Die Website gibt vor, mit der DF Deutsche Finance Capital GmbH aus München verbunden zu sein. Doch die BaFin stellt klar:

„Zwischen der DF Deutsche Finance Capital GmbH und der Website dfcapital-gmbh(.)com besteht kein Zusammenhang.“

Damit handelt es sich eindeutig um Identitätsmissbrauch – ein immer häufiger auftretendes Betrugsmuster, bei dem seriöse Finanzinstitute kopiert oder imitiert werden, um Anleger zu täuschen.

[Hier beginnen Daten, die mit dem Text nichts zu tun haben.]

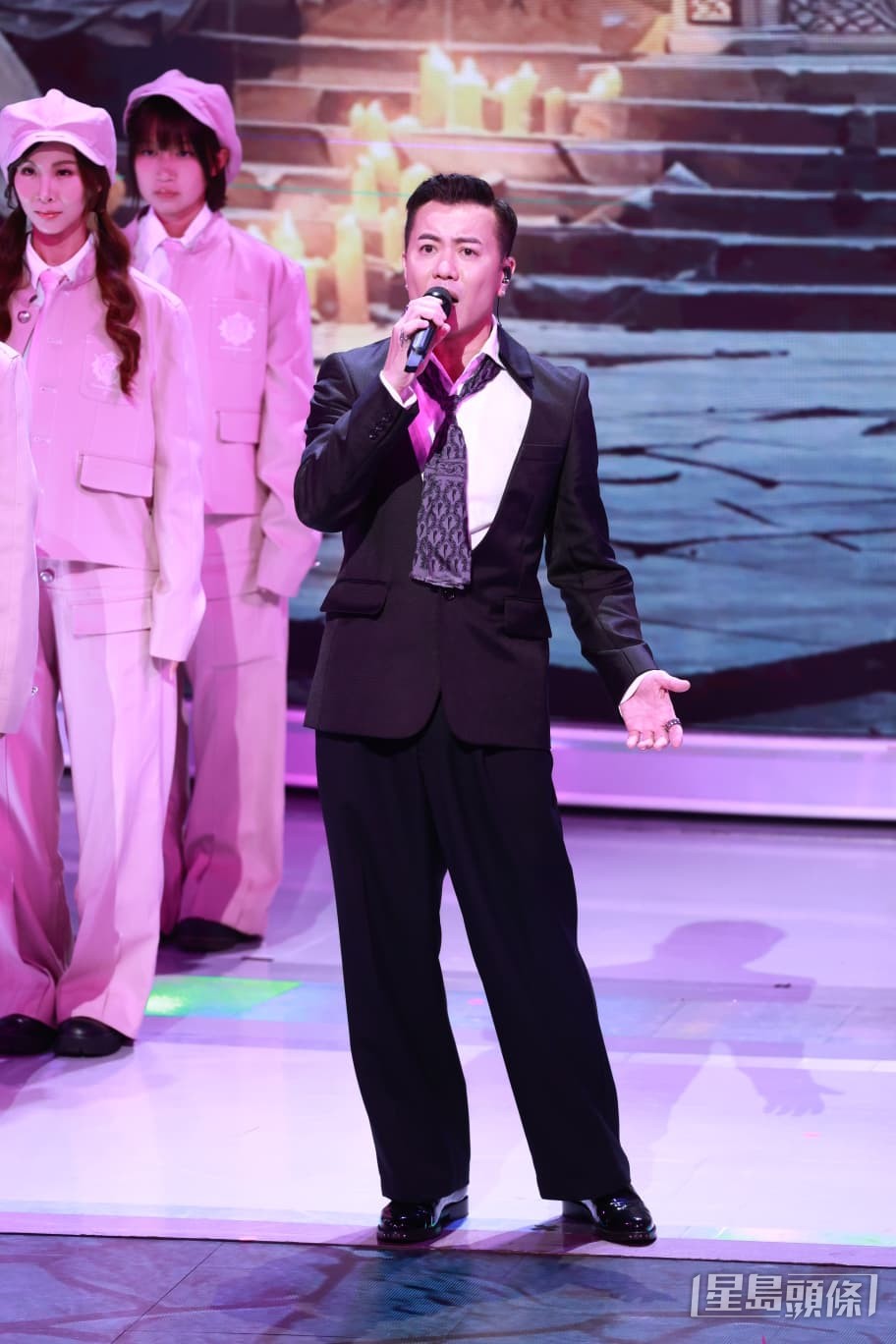 梁漢文展現神級唱功，一連演唱多首經典金曲。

Verdacht auf unerlaubte Finanzgeschäfte

Laut BaFin besteht der Verdacht, dass die unbekannten Betreiber Wertpapierdienstleistungen ohne behördliche Genehmigung anbieten. Damit verstoßen sie gegen das Kreditwesengesetz (KWG), das in Deutschland klare Zulassungspflichten für Finanzdienstleister vorsieht.

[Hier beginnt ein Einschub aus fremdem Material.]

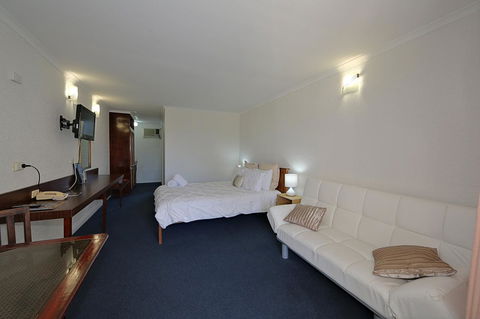 Alexandra Park Motor Inn - Tourism Guide 20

Die Website dfcapital-gmbh(.)com soll Anlegerinnen und Anleger zu Investitionen verleiten – etwa durch das Versprechen professioneller Betreuung, sicherer Renditen oder exklusiver Anlagechancen. Solche Versprechungen sind typisch für betrügerische Online-Plattformen, die mit seriös wirkendem Design, gefälschten Kontaktdaten und offiziellen Logos Vertrauen aufbauen wollen.

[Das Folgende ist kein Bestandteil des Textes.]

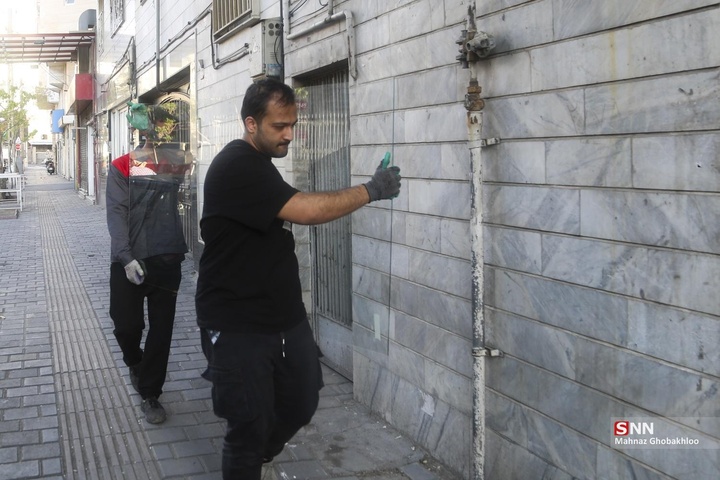 کارگاه مردمی جهادی شیشه بری در ساختمان‌های آسیب دیده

BaFin rät zu äußerster Vorsicht

Die Finanzaufsicht warnt ausdrücklich davor, über die Website dfcapital-gmbh(.)com Geld zu investieren oder persönliche Daten preiszugeben.
Verbraucherinnen und Verbraucher sollten:

  • keine Zahlungen an unbekannte oder ausländische Konten leisten,

  • keine Verträge abschließen oder Apps installieren, die mit der Website verbunden sind,

  • keine Ausweisdokumente oder Kontoauszüge übermitteln,

  • und die Echtheit jedes Finanzanbieters in der BaFin-Unternehmensdatenbank prüfen.

Wer bereits Zahlungen vorgenommen hat, sollte umgehend seine Bank oder Kryptobörse informieren, Beweise sichern, Anzeige bei der Polizei erstatten und sich anwaltlich beraten lassen.

Rechtliche Grundlage der Warnung

Die öffentliche Mitteilung der BaFin erfolgt gemäß § 37 Absatz 4 Kreditwesengesetz (KWG). Diese Vorschrift verpflichtet die Behörde, die Öffentlichkeit über unerlaubte Finanzgeschäfte und Identitätsmissbrauch zu informieren.